=== Section Start ===

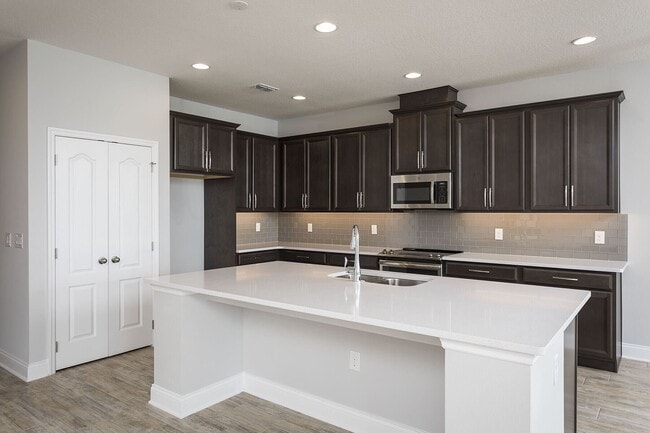 3897 Plymouth Sorrento Rd unit 36849117, Apopka, FL 32712 - photo 5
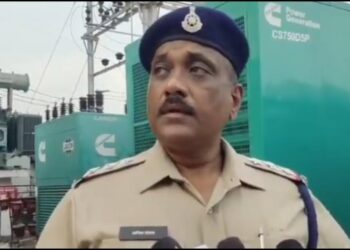 गणेश प्रतिमा विसर्जन के दौरान बड़ा हादसा, तालाब में 5 बच्चे डूबे, NDRF की टीम ने किया बच्चों का रेस्क्यू, हादसे में 3 की मौत, 2 को बचाया गया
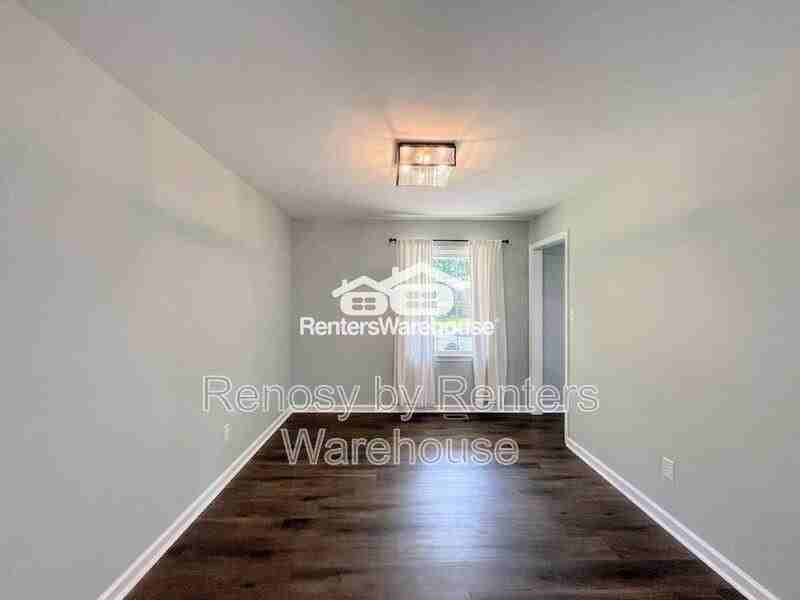 190 Devon Pl - Photo 5 of 38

=== Section End ===

Only the lines from the one with "गणेश प्रतिमा विसर्जन" through the end of the data, both ends included, should be written out exactly, and no pictures should appear.

OUTPUT FOR THIS TASK -
 गणेश प्रतिमा विसर्जन के दौरान बड़ा हादसा, तालाब में 5 बच्चे डूबे, NDRF की टीम ने किया बच्चों का रेस्क्यू, हादसे में 3 की मौत, 2 को बचाया गया
 190 Devon Pl - Photo 5 of 38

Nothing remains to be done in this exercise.